In case someone misses the larger point: The First Congress got a lot done. It might be the most “do-something” Congress in history. Thank you, gentlemen. (And please don’t let the 113th Congress’ performance make you roll over in your graves.)
Let us remember that the Founders had already forged a monumental failure in the loose-knit republic they crafted under the Articles of Confederation. Their vaunted new republic, roughly conceived in 1776 by merchant aristocrats and drunken tradesmen, had been a flop. So that mob’s successors had to start over again. Well, in 1789, they got it right, or mostly right. If it wasn’t a perfect union, it worked for the time being. Besides, in a crucial provision, the aforesaid Constitution was declared subject to modification as time marched on.

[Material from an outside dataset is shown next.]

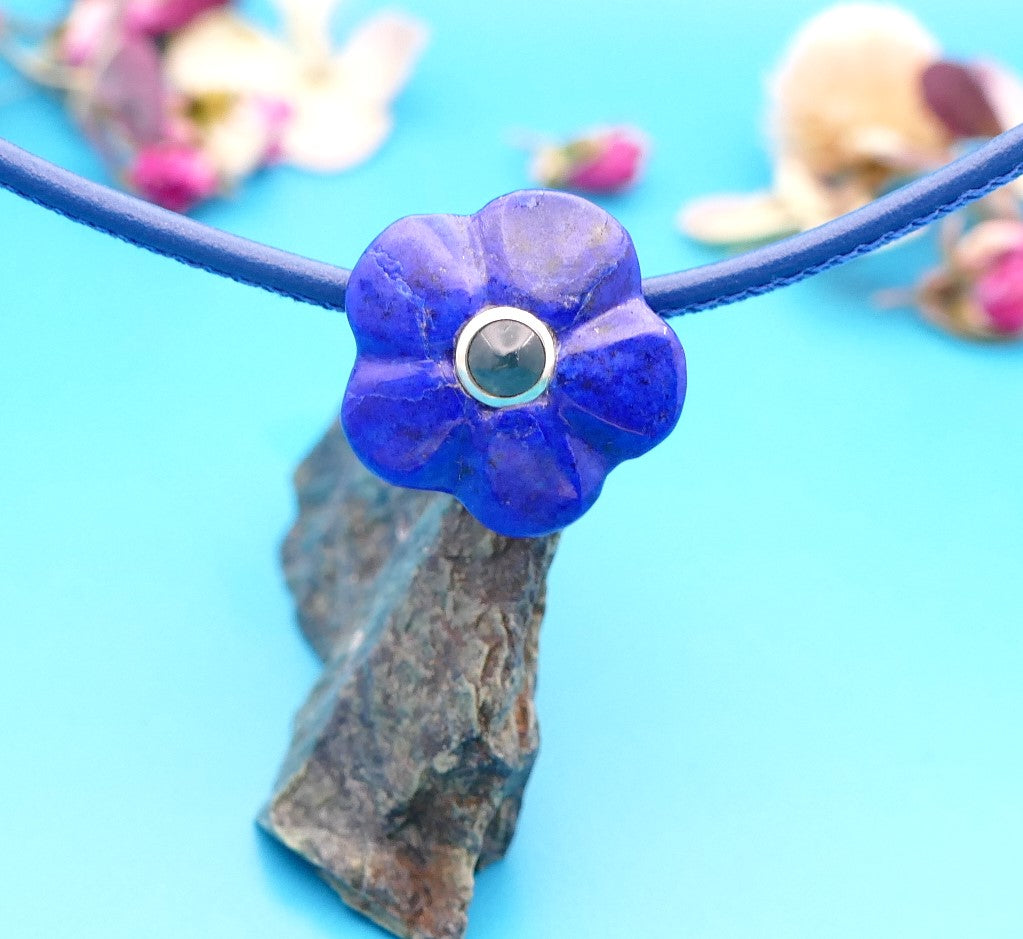 Lederhalskette mit einer Natursteinblume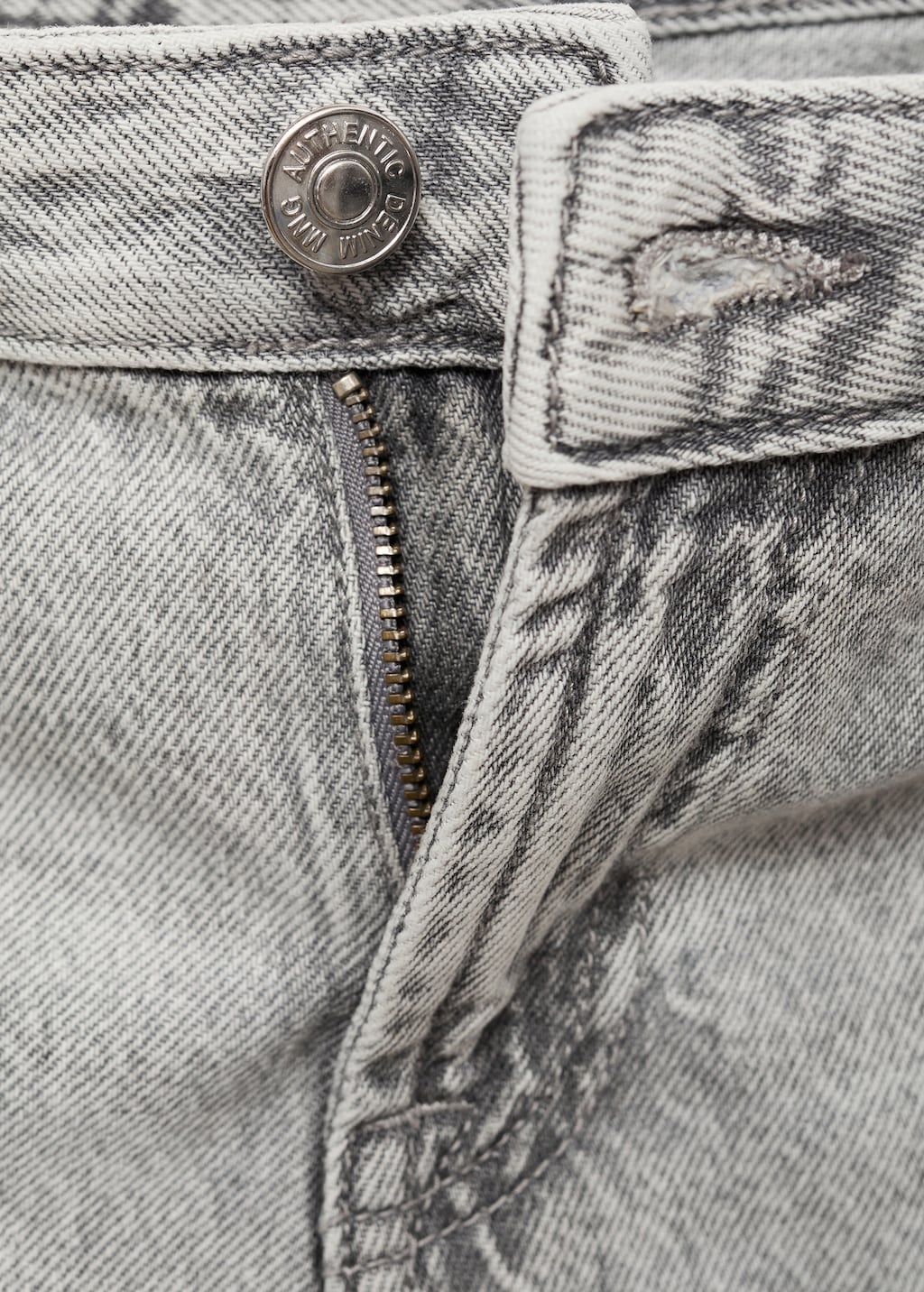 Low-waist wide leg jeans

Lest contemporary congressmen think the business of government was all high-minded principles, be advised that the Founders wrassled with some issues that make duller reading than the Federal Register. Witness “An Act for laying a Duty on Goods, Wares and Merchandizes imported into the United States,” namely the tariffs on scores of products from salt and malt to window glass and beaver hats. The Founders set a tariff of 18 cents a gallon on good Madeira wine, but as little as eight cents on plonk. Black tea imported in American ships was taxed at eight cents a pound; teas brought by foreign vessels, as much as 46 cents. All these pesky details required deliberation and compromise. (Congress, take note.)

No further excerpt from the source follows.